For sentiment scoring, I am going to use “Bing Lexicon” which categorizes words into positive and negative categories only.

It was a grim month indeed. Out of 1347 matched words with Bing lexicon 65% were negative.

Apart from 11th February, the net sentiment score was negative for everyday. Hopefully, things will look up in near future

Summary

That’s it for today folks who have read through my ramblings this far. Language processing is an amazing tool and can help us in getting subtle signals from large amount of texts without actually reading them. For any query or new challenges, give me a knock in mail or twitter. Until then, lets hope for a positive March in news.

Full Code

# Load libraries

library(tidyverse) # For Data wrangling
library(tidytext) # For text analysis 
library(kableExtra) # For beautiful tables


# Read Data

ds<-read_delim("Daily_Star_February_2021.txt",delim="^")

ds%>%
    glimpse()


# Tokenize by words

tidy_ds<-ds%>%
    select(date,headline)%>%
    mutate(id=row_number())%>%
    unnest_tokens(word,headline)

# List the first headline in tokenized form

tidy_ds%>%
  filter(id==1)%>%
    kable()%>%
    kable_paper()


# Visualizing most frequent words

tidy_ds%>%
    anti_join(get_stopwords())%>%
    count(word,sort=T)%>%
    top_n(10)%>%
    ggplot(aes(reorder(word,-n),n,fill='#c30c3d',label=n))+
    geom_col()+
    geom_text(nudge_y = 4,size=3)+
    scale_fill_identity()+
    labs(
        title="Most frequent words in headlines of February 2021",
        x="Word",
        y="# of appearance"
    )+
    theme_minimal()+
    theme(
        plot.title=element_text(color='#838383',hjust=0.5,size=18,face='bold'),
        plot.caption=element_text(color='#BD1D10',face='italic'),
        legend.position = "none",
        axis.text.x=element_text(angle=90,size=8),
        axis.text.y=element_blank(),
        panel.grid=element_blank()
    )



# Making the donut of positive and negative

ds_sentiment<-tidy_ds%>%
    inner_join(get_sentiments("bing"))

ds_sentiment%>%
    count(sentiment)%>%
    arrange(desc(sentiment))%>%
    mutate(
        percentage=round(n/sum(n),3)*100,
        lab.pos=cumsum(percentage)-0.5*percentage
    )%>%
    ggplot(aes(4,percentage,fill=sentiment))+
    geom_bar(stat='identity')+
    geom_text(aes(y=lab.pos,label=paste0(percentage,"%")),size=3,color='white')+
    coord_polar("y",start=0)+
    theme_void()+
    xlim(1,5)+
    scale_fill_manual(values=c('#c30c3d','#00776f'))

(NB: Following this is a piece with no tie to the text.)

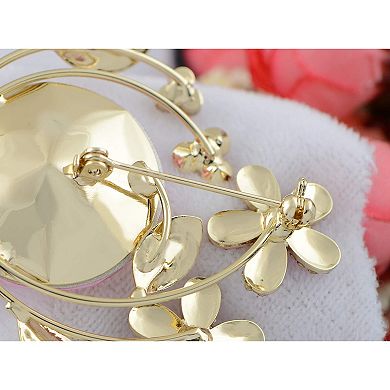 Sparkly Rose Pink Crystal Elements Flower Bouquet Brooch Lapel Pins Elegant Dress Accessories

# Visualizing net sentiment by date

ds_sentiment%>%
    count(date,sentiment)%>%
    pivot_wider(names_from = sentiment,values_from = n,values_fill=0)%>%
    mutate(sentiment=positive-negative,
           fill=if_else(sentiment>0,'#00776f','#c30c3d')
           )%>%
    ggplot(aes(as.Date(date),sentiment,fill=fill,label=sentiment,))+
    geom_col(show.legend=FALSE)+
    geom_text(nudge_y = -1,size=3)+
    scale_fill_identity()+
    scale_x_date(date_labels = "%d-%b",date_breaks="1 day",expand=c(0,0))+
    labs(
        title="Net Sentiment of News - Feb'21",
        subtitle='based on Bing Lexicon',
        x="Date",
        y="Net sentiment (Positve-Negative)"
    )+
    theme_minimal()+
    theme(
        plot.title=element_text(color='#838383',hjust=0.5,size=18,face='bold'),
        plot.subtitle=element_text(color='#c30c3d',hjust=0.5,size=12),
        plot.caption=element_text(color='#BD1D10',face='italic'),
        legend.position = "none",
        axis.text.x=element_text(angle=90,size=8),
        axis.text.y=element_blank(),
        panel.grid=element_blank()
    )